** Opening Records shown block **
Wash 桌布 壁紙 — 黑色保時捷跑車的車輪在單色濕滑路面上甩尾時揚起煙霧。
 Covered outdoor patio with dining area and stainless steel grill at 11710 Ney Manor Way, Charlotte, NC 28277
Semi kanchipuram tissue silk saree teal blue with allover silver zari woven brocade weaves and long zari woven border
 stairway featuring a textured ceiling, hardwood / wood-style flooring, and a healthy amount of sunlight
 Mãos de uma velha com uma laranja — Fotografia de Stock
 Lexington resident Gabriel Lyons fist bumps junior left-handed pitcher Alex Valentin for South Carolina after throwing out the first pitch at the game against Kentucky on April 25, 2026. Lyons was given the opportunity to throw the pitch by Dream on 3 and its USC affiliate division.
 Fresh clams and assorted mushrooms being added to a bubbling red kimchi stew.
** Closing Records shown block **
The line containing "Lexington resident Gabriel" and all lines after it, through the last line of the data, should be retyped exactly.

**Answer to the problem**
 Lexington resident Gabriel Lyons fist bumps junior left-handed pitcher Alex Valentin for South Carolina after throwing out the first pitch at the game against Kentucky on April 25, 2026. Lyons was given the opportunity to throw the pitch by Dream on 3 and its USC affiliate division.
 Fresh clams and assorted mushrooms being added to a bubbling red kimchi stew.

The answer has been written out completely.